AUSTIN, Texas (AP) - A man who escaped death because he didn’t fit in vehicles used to abduct his fellow students in Mexico met with lawmakers in Austin Thursday to raise awareness about the case.

Omar Garcia Velasquez told state senators Thursday he was among 50 students stopped by police in the southern, violence-torn state of Guerrero last September.

Because only 43 students of the rural teaching college could fit in the seven Iguala city police vehicles, Velasquez said he was able to escape.

Prosecutors allege that the students were then turned over to a drug gang, which executed them, incinerated their remains and threw their ashes into the San Juan Cocula River.

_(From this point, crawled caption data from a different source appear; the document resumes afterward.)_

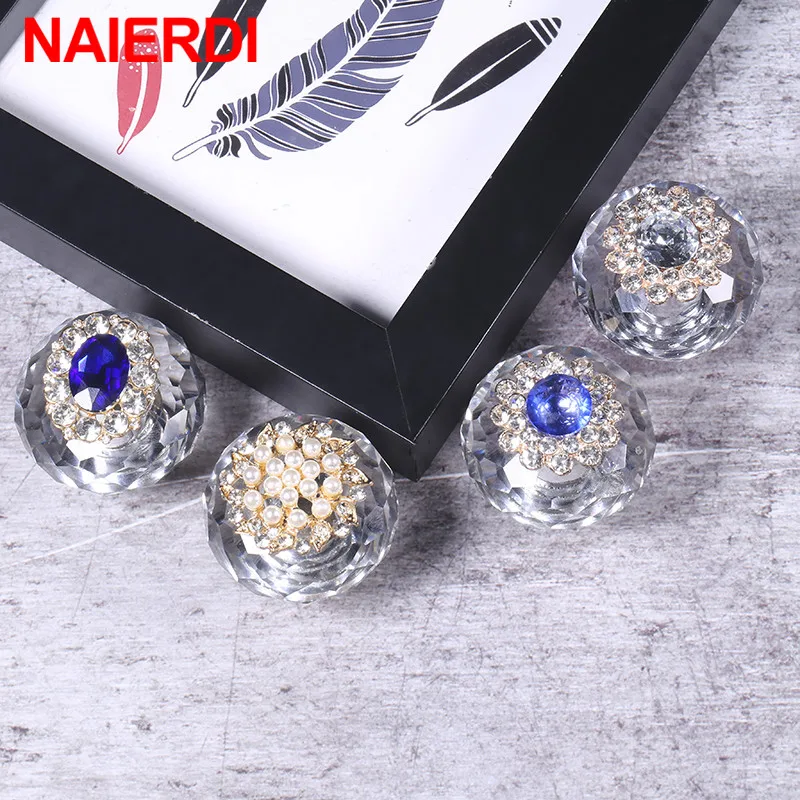 NAIERDI Crystal Cabinet Knobs and Handles Luxury Cabinet Pulls Dresser Drawer Knobs Kitchen Handles Furniture Handle Hardware
NAIERDI Crystal Cabinet Knobs and Handles Luxury Cabinet Pulls Dresser Drawer Knobs Kitchen Handles Furniture Handle Hardware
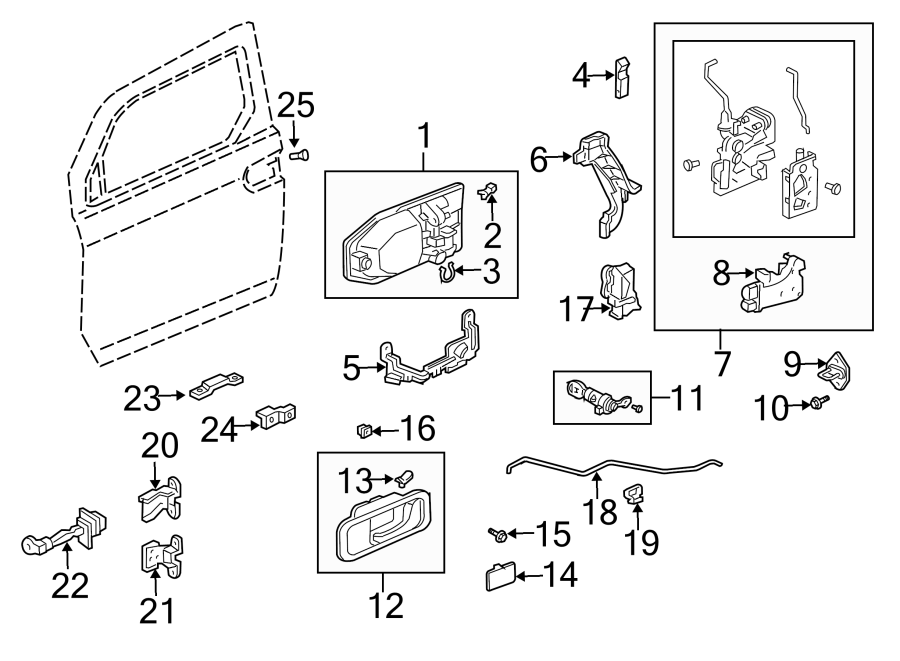 11FRONT DOOR. LOCK & HARDWARE.https://images.simplepart.com/images/parts/motor/fullsize/4450380.png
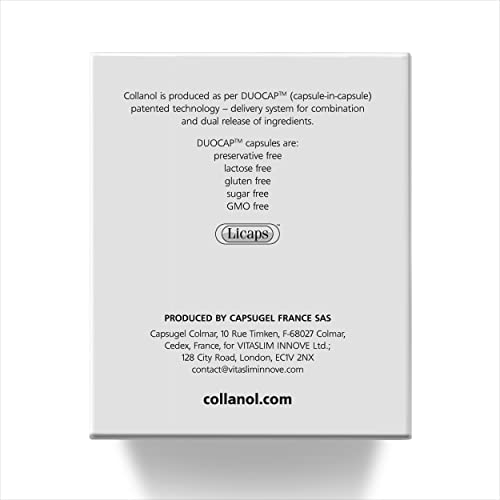 Collanol - Innovation in The Care of Healthy Joints - Liquid Formula in a Double Capsule 3D Collagen Collanol uk supplements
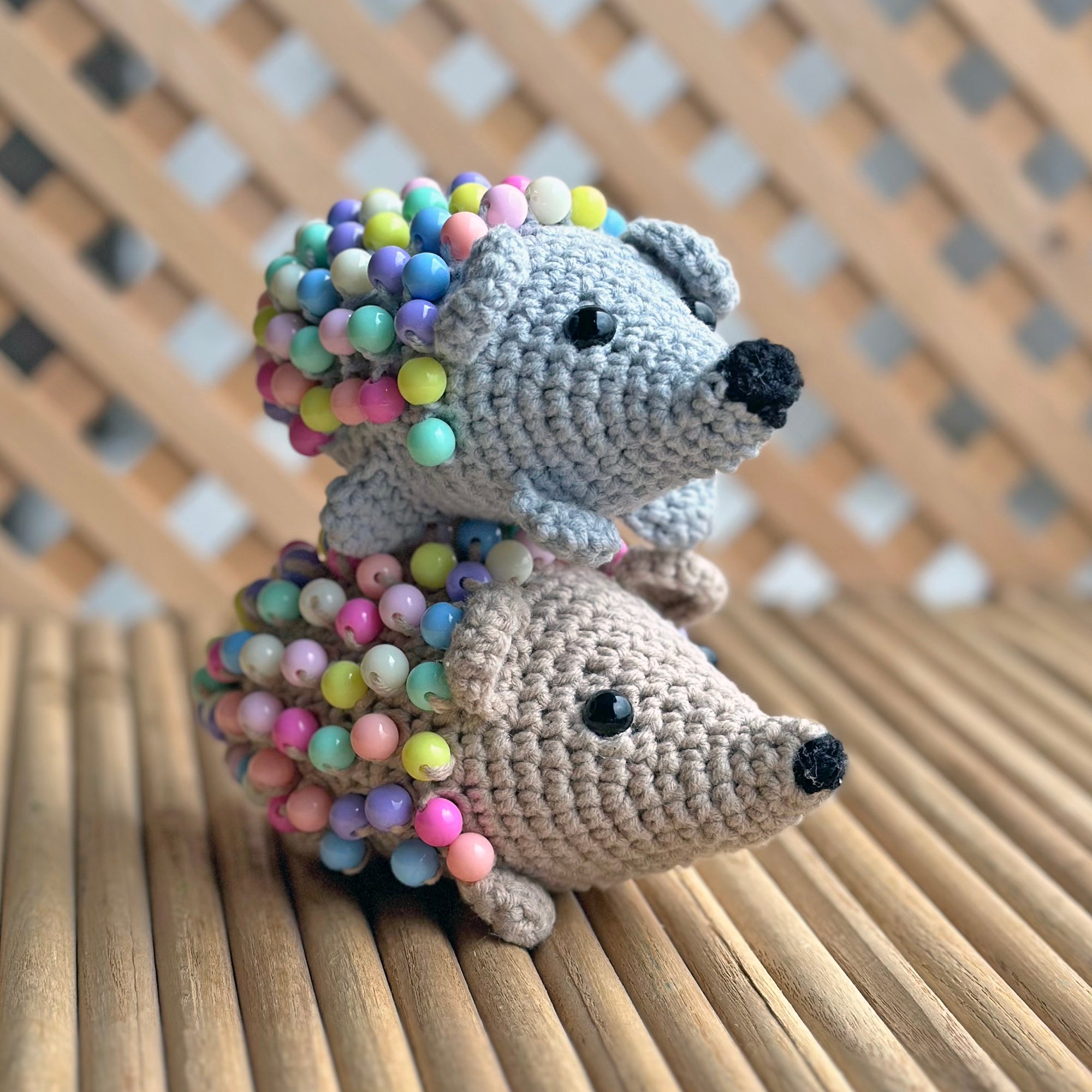 2 IN 1 BEAD HEDGEHOGS Crochet Pattern (skill level Intermediate)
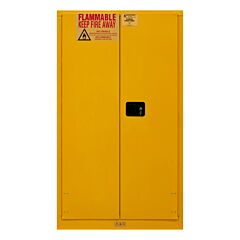 Durham 1060M-50 Fm Approved, Flammable Storage Cabinet, 60 Gallon, 2 Doors, Manual Close, 2 Shelves, Safety Yellow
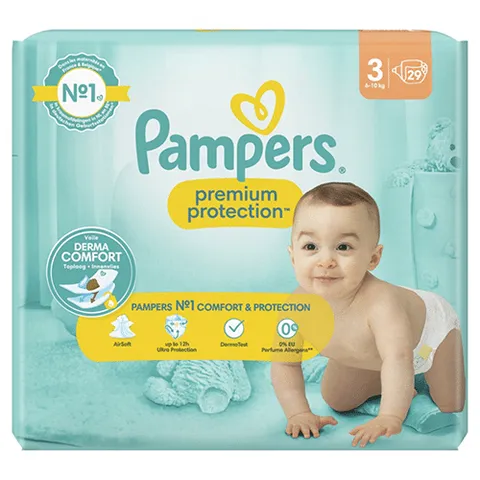 Pampers premium protect mt3 29 stuks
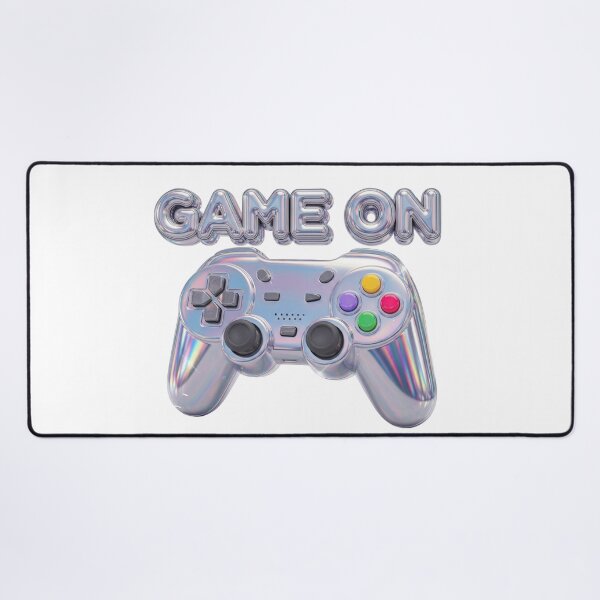Item preview, Game On Holographic Chrome Controller Aesthetic designed and sold by Dzblack.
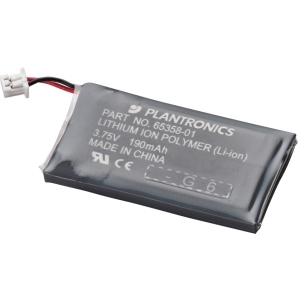 64399-01 Plantronics Rechargeable Headset Battery Lithium Ion (Li-Ion) 3.75V DC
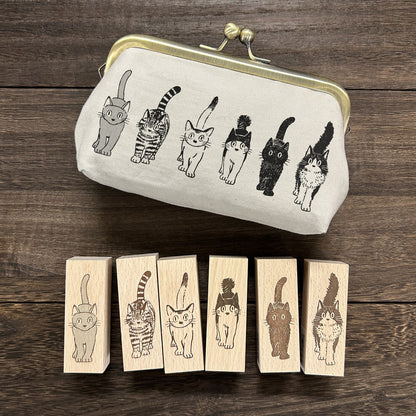 Wooden Stamp - Black Cat
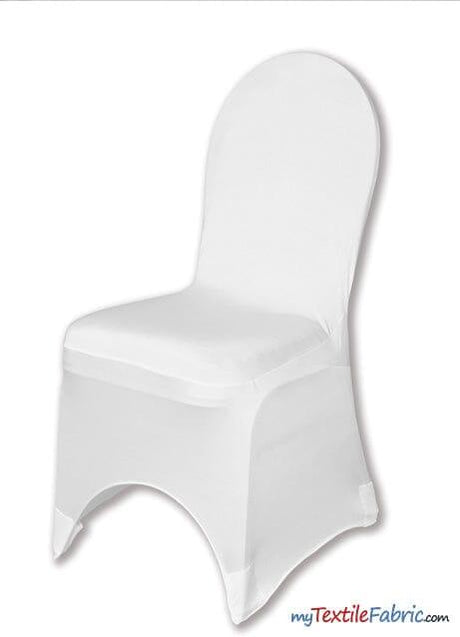 Spandex Chair Cover Polyester Fabric - Stretch Banquet Chair Cover, Multiple Colors, 1 Piece
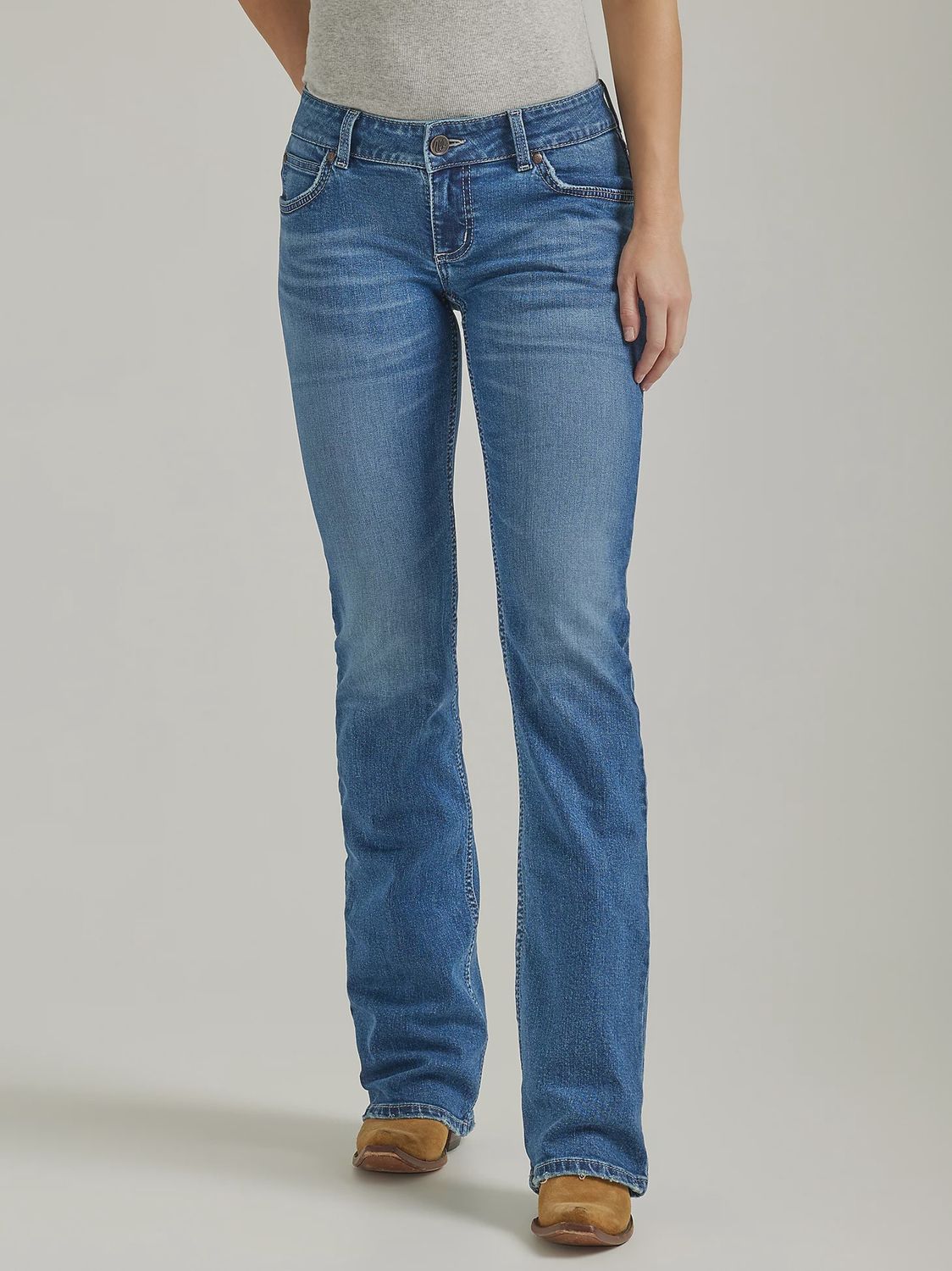 112338906 WOMEN&#39;S WRANGLER RETRO SADIE LOW RISE BOOT CUT JEANS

More than 100 people have been detained in connection with the killings, including the mayor of Iguala and his wife.

But parents of the students and thousands of other Mexicans have rejected the government’s version of the abduction.

Protesters have held riots throughout Mexico, outraged by the drug war that has left more than 100,000 people dead or missing since 2006.

Velasquez now hopes to incite similar responses from Americans.

He is riding in one of three caravans of survivors and family members who left Mexico this week bound for New York, where they hope to meet with the United Nations. Along the way, the caravans are stopping in more than a dozen U.S. cities.

As Velasquez, 24, sat in the gallery Thursday, senators unanimously adopted a resolution by Sen. Sylvia Garcia, D-Houston, expressing sympathy for the students’ relatives.

“Every life matters,” said San Antonio Democratic Sen. José Menéndez. “The day that we take tragedies like this for granted is a sad day for human society.”

Senator Garcia said she was impressed that, amid a five-hour debate on a campus carry bill Wednesday, all 31 senators signed the resolution.

Lt. Gov. Dan Patrick, a Republican who presides over the senate, said he was always proud of the members of his chamber, but “especially proud today.”

After the resolution was adopted, Velasquez and others in his caravan spoke with Garcia, Menéndez and several other Democrats outside of Senate chambers.

While posing for photographs, Velasquez held up his arm, which was adorned with a beaded black bracelet with the number “43” in white.

“This is really good, because it gives us an opportunity for our story to be heard, and that’s what we need the most,” Velasquez said in Spanish. Menéndez interpreted his comments to The Associated Press.